* **Dataset excerpts**
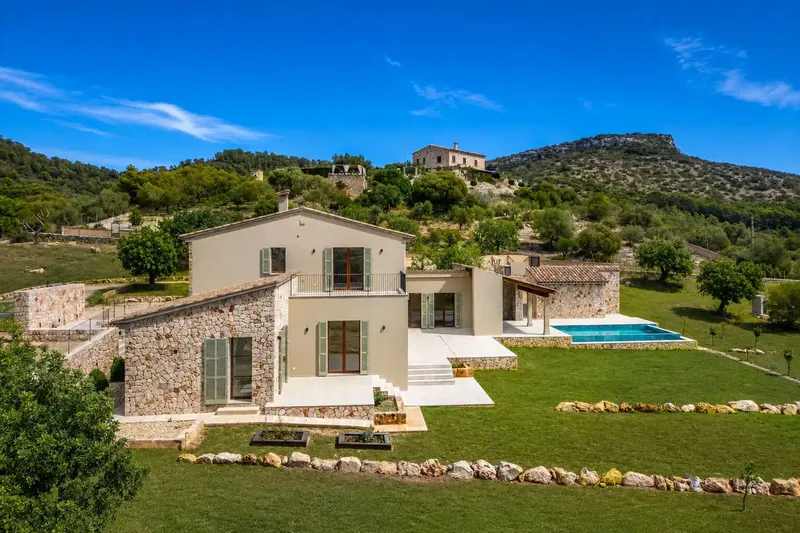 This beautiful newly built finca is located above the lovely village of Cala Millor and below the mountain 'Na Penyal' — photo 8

==

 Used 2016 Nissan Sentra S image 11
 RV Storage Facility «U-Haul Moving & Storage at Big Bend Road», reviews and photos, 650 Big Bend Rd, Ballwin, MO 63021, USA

* **Exercise**
Would you print exactly, and only, the lines of the data above from the line with "Used 2016 Nissan Sentra S image 11" through the line with "RV Storage Facility", inclusive?

* **Response for this exercise**
 Used 2016 Nissan Sentra S image 11
 RV Storage Facility «U-Haul Moving & Storage at Big Bend Road», reviews and photos, 650 Big Bend Rd, Ballwin, MO 63021, USA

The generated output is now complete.